Economy

The Great Migration: The First Moving-to-Opportunity Project

Did black migrants from the South put their children in a better economic position? A new study provides some answers.
AP

In the late 1990s the U.S. Department of Housing and Urban Development conducted an experiment on economic mobility by tracking thousands of public housing tenants and residents of low-income neighborhoods to see how they fared when moved to other neighborhoods, particularly those with less poverty. Called the Moving To Opportunity project, it tracked nearly 4,600 families, making it one of the largest-scale experiments of its kind—unless you count that other enormous moving-to-opportunity project of the early 20th century called The Great Migration.

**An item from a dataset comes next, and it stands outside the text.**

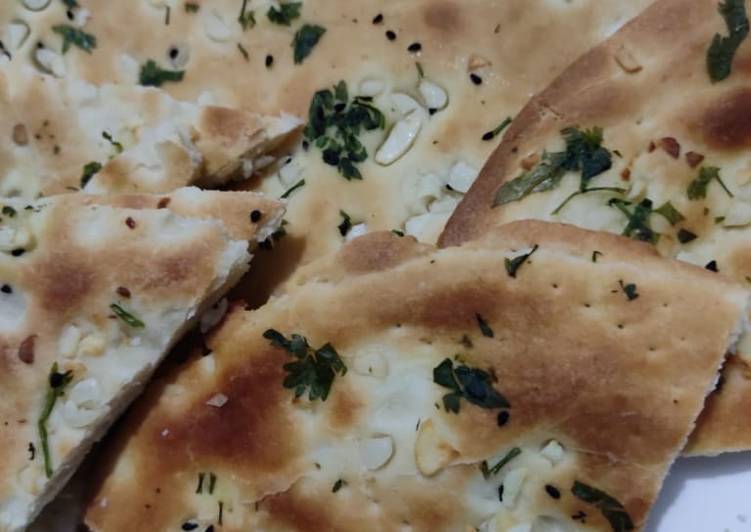 How to Make Appetizing Garlic butter naan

For that grand experiment, more than 6 million African Americans escaped the racial terror and degrading labor conditions of the South, throughout the entire first half of the 20th century, moving to northern and western regions of the U.S., where they hoped sanctuary and better jobs awaited them. Dozens of researchers have studied the plight of this migrant group, among them Isabel Wilkerson in her 2010 book The Warmth of Other Suns, looking closely at how those migrants were treated, educated, and employed in their new settings. But how did their kids turn out? This is the focus of a new study from demographers Catherine Massey and J. Trent Alexander, of the University of Michigan’s Population Studies Center, and sociologists Christine Leibbrand and Stewart Tolnay, of the University of Washington.